Work instructions
Copying starts at the line containing "Helmut Lang Sleeveless" and stops after the last line of the records; each line is repeated exactly, and pictures are skipped.

[Captioned web images]
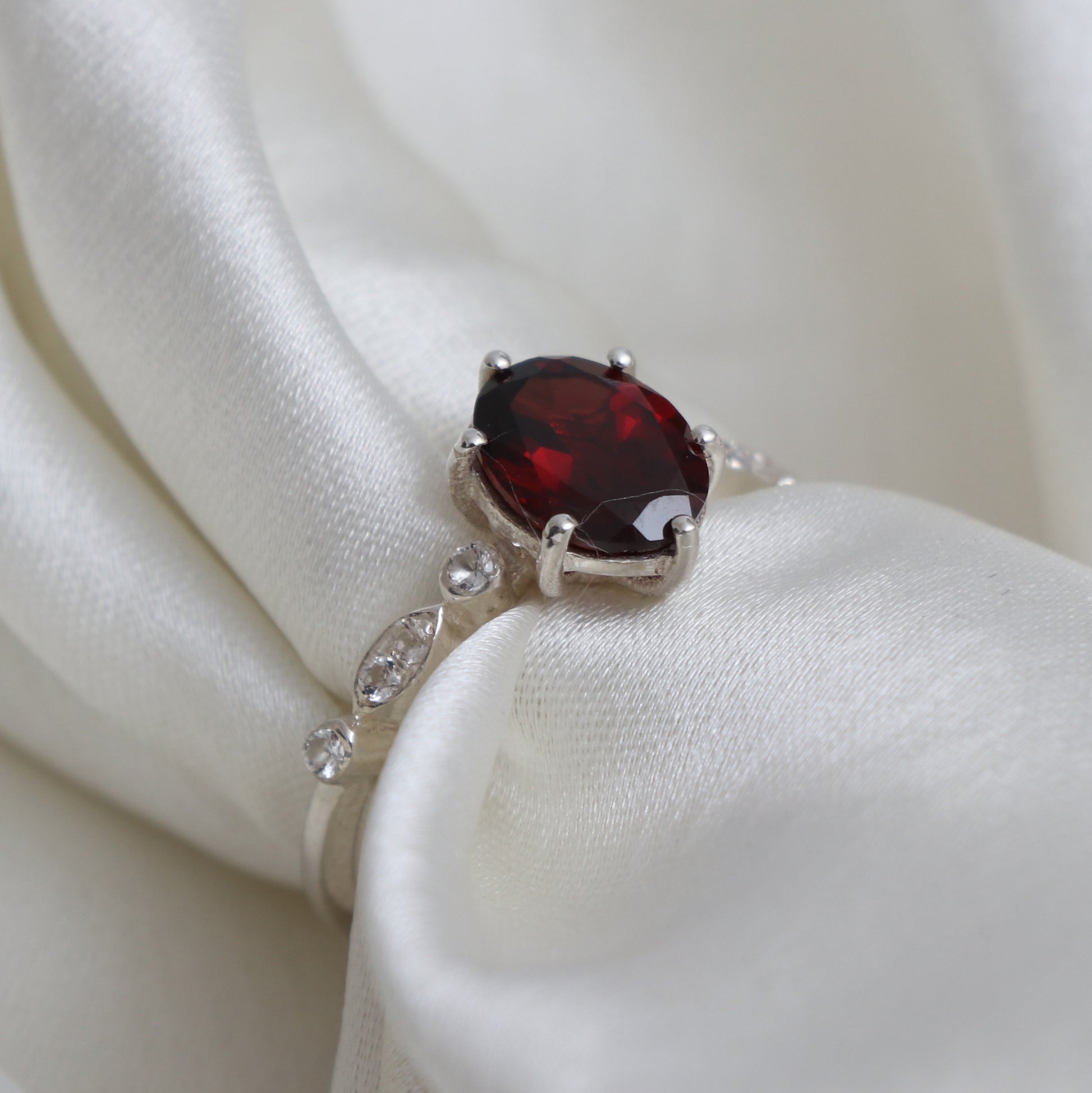 Delicate Garnet Engagement Ring, Natural Garnet Ring For Women-730 PILWALS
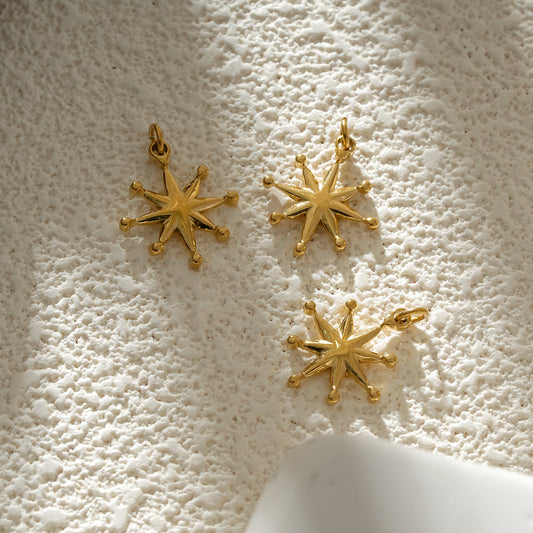 Lot de 3 Pendentifs Étoile Dorée à Huit Branches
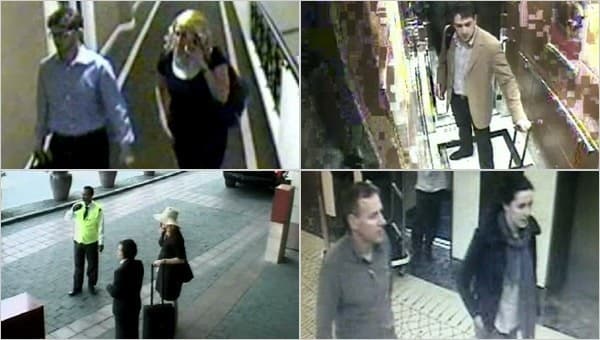 Sistema de seguridad de un hotel muestra a sospechosos del asesinato del líder militar de Hamás, Mahmoud al-Mabhouh, en Dubai en 2010. (Policía de Dubai) Sistema de seguridad de un hotel muestra a sospechosos del asesinato del líder militar de Hamas Mahmoud al-Mabhouh en Dubai en 2010.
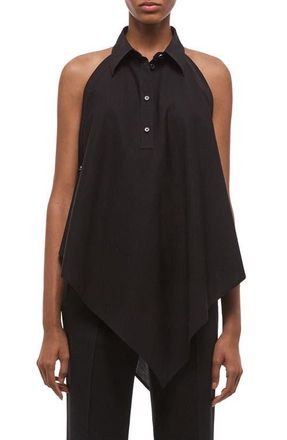 Helmut Lang Sleeveless Cotton Shirt in Black at Nordstrom, Size X-Small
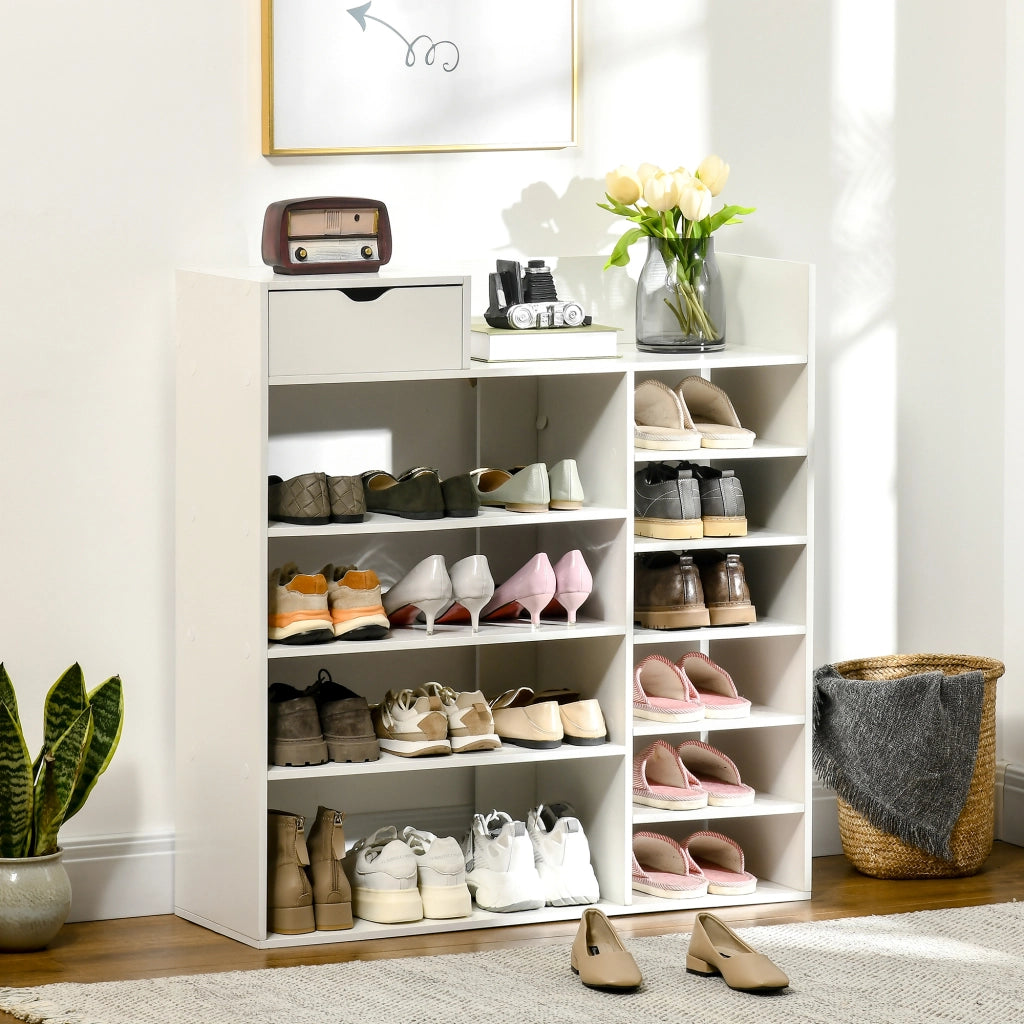 Easycomfort Mobile Scarpiera Salvaspazio con Ripiani e Cassetto per 12 Scarpe, 88x30x93cm, Bianco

Your solution
 Helmut Lang Sleeveless Cotton Shirt in Black at Nordstrom, Size X-Small
 Easycomfort Mobile Scarpiera Salvaspazio con Ripiani e Cassetto per 12 Scarpe, 88x30x93cm, Bianco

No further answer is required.